A True Tale of Robin Hood is Child ballad 154, featuring Robin Hood and, indeed, presents a full account of his life, from before his becoming an outlaw, to his death. It describes him as the Earl of Huntington, which is a fairly late development in the ballads. It definitively places him in Richard the Lionhearted's reign.

This ballad was written by the prominent 17th century broadside balladist Martin Parker, and published in 1632. By Parker's own account from it was based reliable historical sources, but more probably from the abundant literary and ballad sources then available. This account includes the unusual details that Robin Hood was given to castrating monks and that he operated in Lancashire as well as Yorkshire. Unlike many of the 17th century broadsides it stresses the tradition that Robin Hood actively aided the poor.

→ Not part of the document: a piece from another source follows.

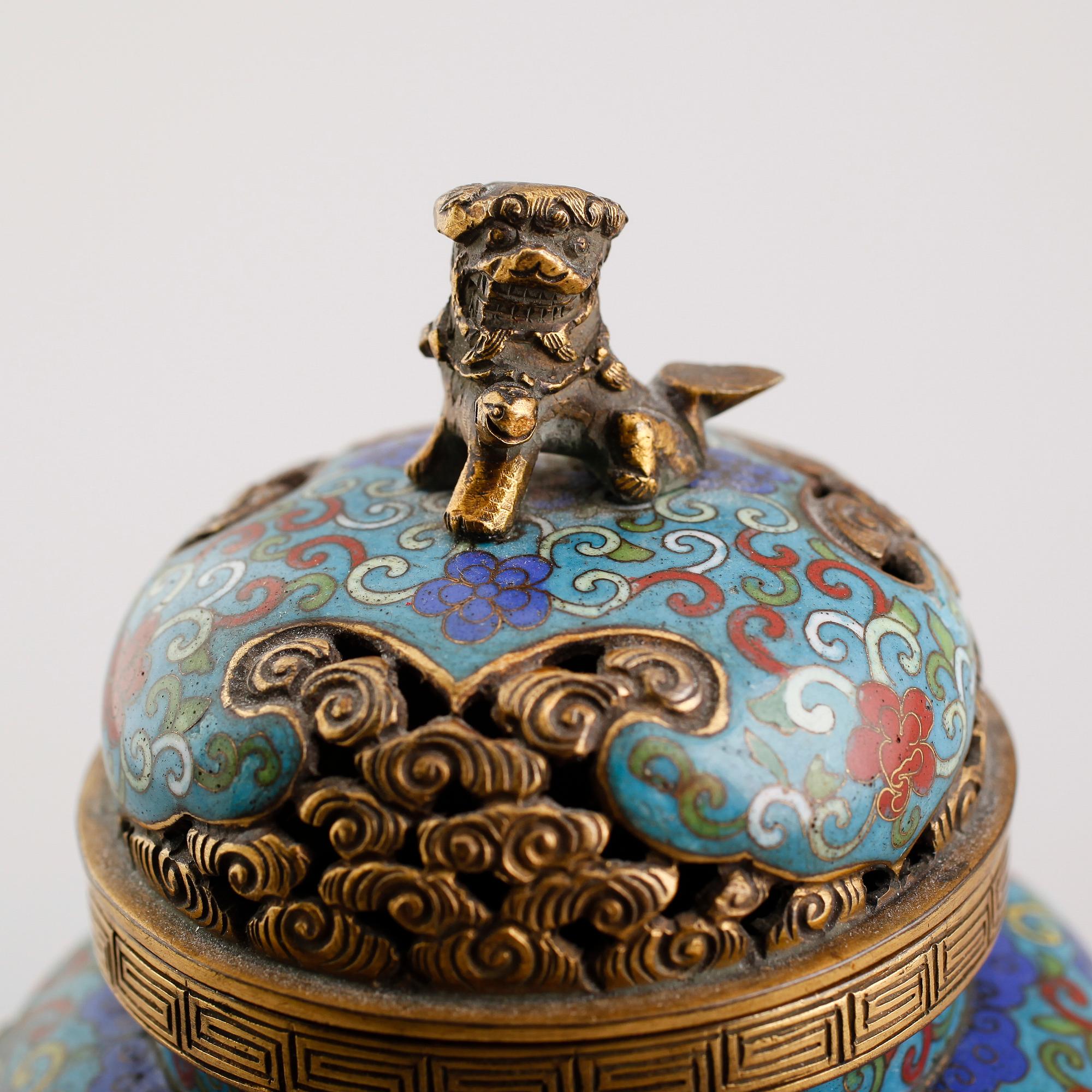 RÖKELSEKAR med lock, cloisonné, Kina, 1900-tal.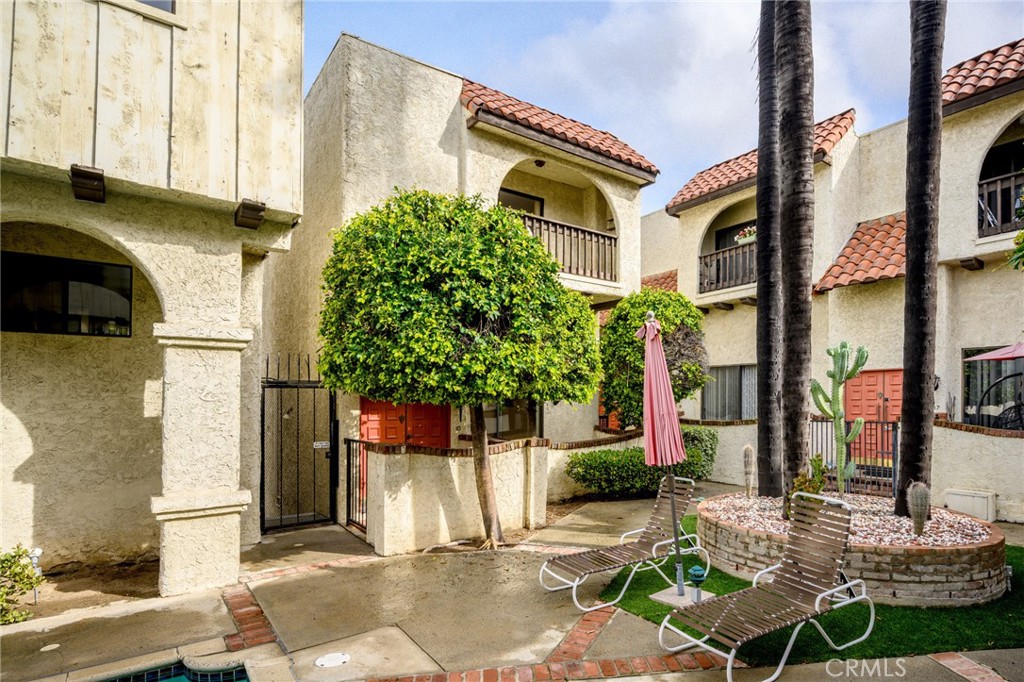 300 N Isabel Street 10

In the ballad's narrative, Robin Hood lives well as the Earl of Huntington, but is brought to penury by his spending and the enmity of the abbot of St. Mary's. He is outlawed, and his band lives by robbing, particularly the rich clergy, but they aid the poor. He catches the abbot, who then went to the king. The king offers a reward, but his men are either out-fought, or won over by Robin's courtesy. King Richard goes to Nottingham. Robin begs a pardon by letter, and the king is agreeable. Before he gets it, however, Robin takes a fever. He trusts a friar to bleed him (a common medical practice of the day), and the friar bleeds him to death. King Richard thinks the friar treacherous, and Robin foolish to have trusted him.

References

Francis James Child, "A True Tale of Robin Hood in The English and Scottish Popular Ballads, 5 vols., Boston and New York: Houghton, Mifflin and Company, (1882–98).